Alex Rugger’s car was sitting parallel to the back of the store. The trunk was open, the small bulb glowing. Rugger’s eyes were wide open, and he was still in a shirt and tie, only the shirt was drenched with blood. The wire had been wrapped so tightly and fiercely around his throat that his head sat oddly upon his shoulders. His hands, bound in front with wire, were crusty with blood, something Wilson had not seen in other crime scene photos. He wondered what was different here. He looked closely, and saw that the left wrist was cut clean to the bone. Autopsy results, histamine levels, all indications in the
past were clear that the other victims were unconscious when they were killed. Alex Rugger was conscious, and struggling. Wilson realized he had touched the man’s wrists, and gotten blood on the fingertips of his right hand. He said a small prayer in the back of his mind, just for Alex Rugger. Then he said one for each of Rugger’s children.
CHAPTER TWENTY-THREE
Janis chews grape bubble gum to stay awake. She can’t hold another cup of coffee, and in truth she doesn’t need one—she hasn’t slept since she got the note.
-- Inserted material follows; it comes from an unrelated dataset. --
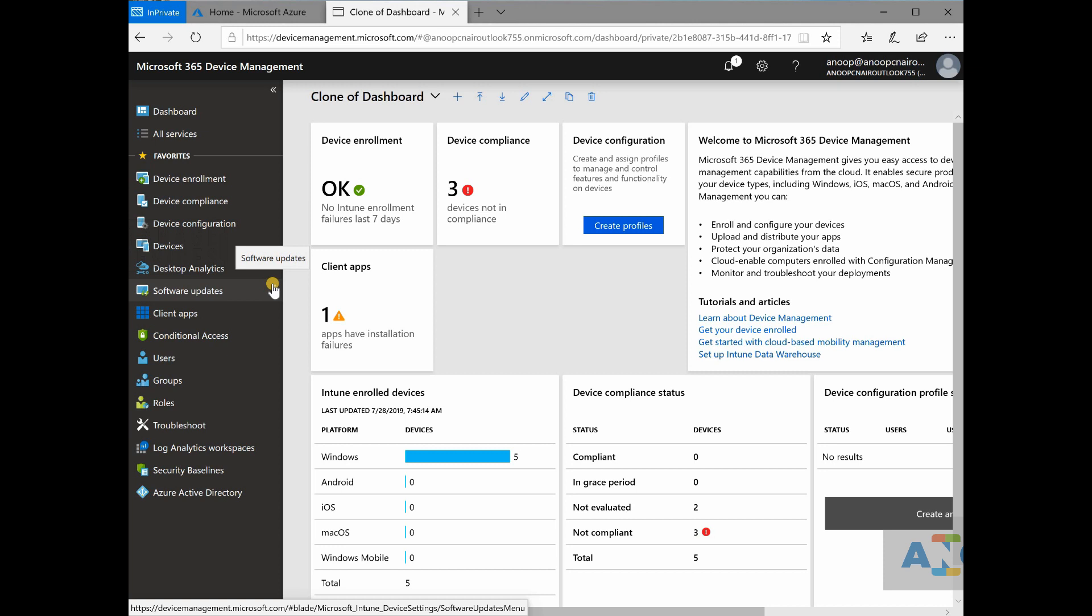how these services are getting integrated with Intune. There are a lot of stuff. Honestly, it is going to take long, long time to learn Intune.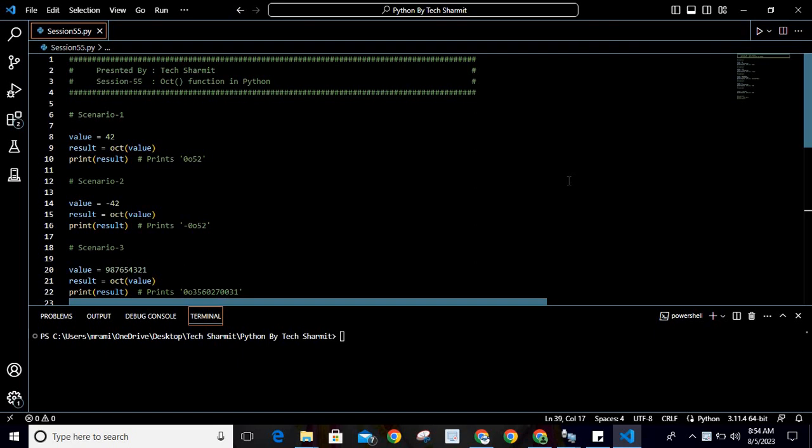Here I have noted down a few scenarios with different types of parameters so that we will see what arguments we can pass to it and how it will convert the equivalent value as an octal representation. Let's look at the first scenario.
I know what you’ve done. I know you have done it six times. I know you are Rodeo and not a girlfriend. It’s in your best interest to meet me tomorrow night at the Tennessee Welcome Center and rest stop at the Kentucky-Tennessee border. I will be at the top of the pathway behind the buildings. Come alone. Be there at two am.
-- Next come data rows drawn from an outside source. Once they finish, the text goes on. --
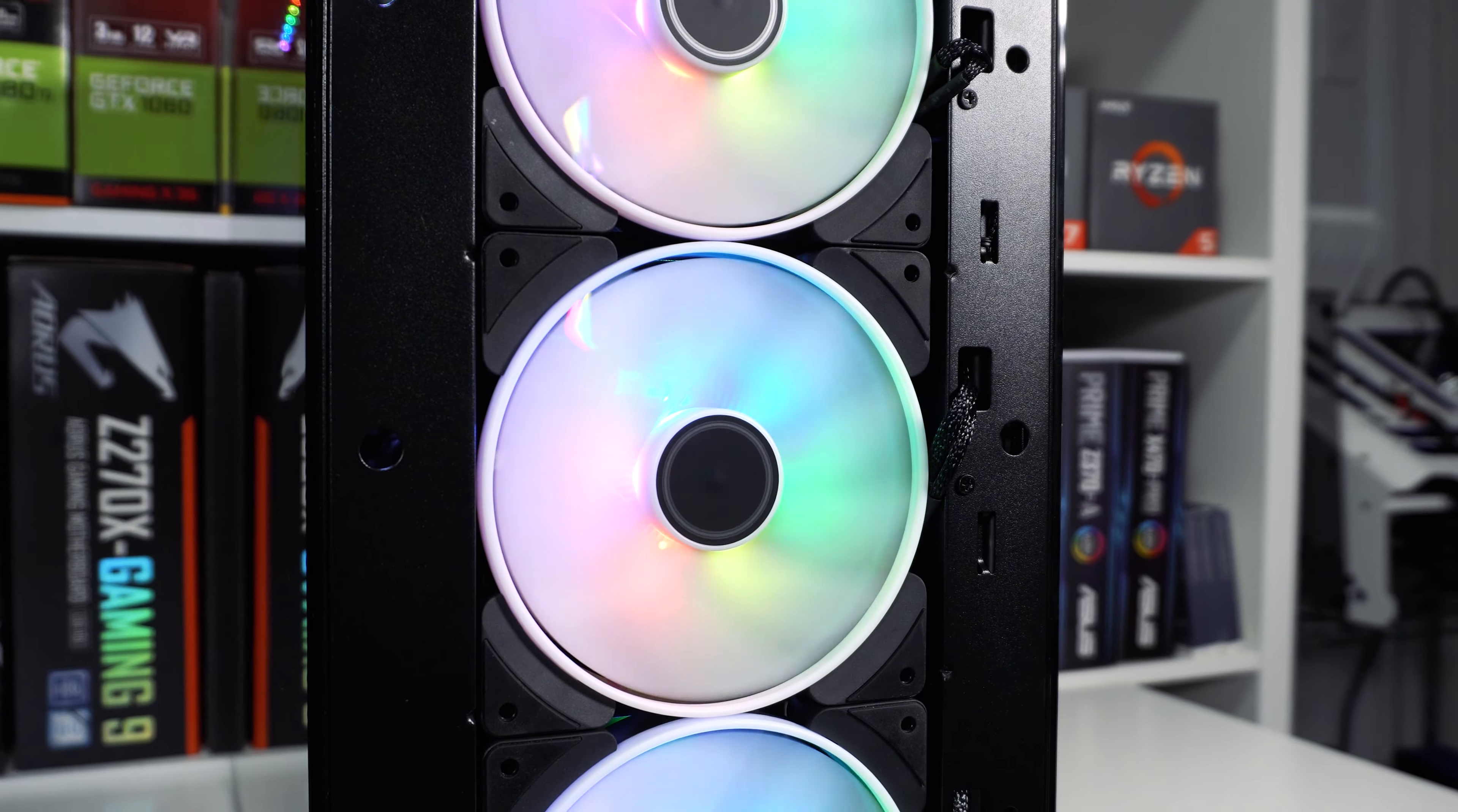So that is the Define S2 Vision RGB. Fractal Design really wanted to create a tempered glass case with a lot of RGB and they've really accomplished that with this case. You have four tempered glass panels, so one on each side, the one up top, and the one in the front. And you get four included 140mm A-RGB fans plus an A-RGB strip that sits right here. So a lot of value already packed into this case.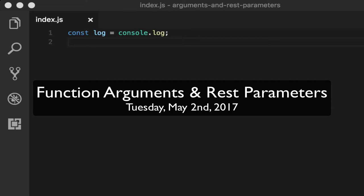Hello ladies and gentlemen, boys and girls, Jesse Warden here. Today we're going to talk about function arguments and REST parameters.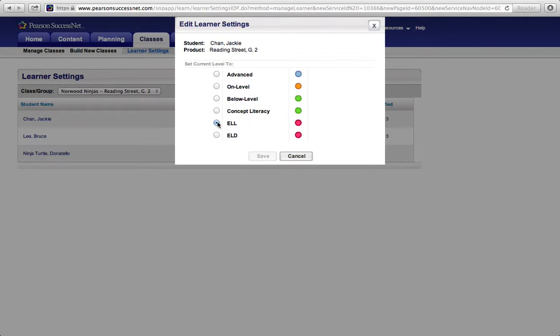So this student, Jackie Chan, is already ELL, and I'm going to cancel because I'm not really going to save anything.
There is a way out if you want it.
Janis had thought she’d gotten a glimpse of Miranda in the stands, but hadn’t been sure. Later she’d spotted the cop; that night she’d found the note. As far as Janis is concerned, the cop and Curly Girl are in way over their heads. But she still hasn’t figured out their agenda.
If her luck holds, the two of them will come together. Janis exits from I-75 into the welcome center. It won’t be dark for another three hours. She pulls into a parking place next to a Ford Suburban that houses two annoyed looking women and six children around the age of nine. Some kind of school field trip, Janis thinks.
The parking lot is half full, and hers is just one of several pickup trucks. Driving a pickup around Tennessee and Kentucky is equivalent to piloting a stealth bomber. No matter how big you are, nobody notices you’re there.
People stream in and out of the welcome center, using the bathroom and picking up brochures. A long trail of vending machines are lined up behind the main building, partway up the path where Edgers wants to meet. This cheers Janis up. She never remembers to bring anything to eat when she is working and always winds up hungry. She twists her hair up on top of her head and covers it with the ball cap—this one is her oldest and most favorite, a pink cap from Banana Republic. Long blond hair attracts a surprising amount of attention and if Janis lets her hair down over her shoulders every man in the place will remember her. She wears two sweaters under the old barn coat to bulk up. Loose jeans and old barn boots, hair hidden in the hat, sweaters adding thirty shapeless pounds, and now she is invisible. Janis locks up the truck and heads into the welcome center to use the ladies’ room.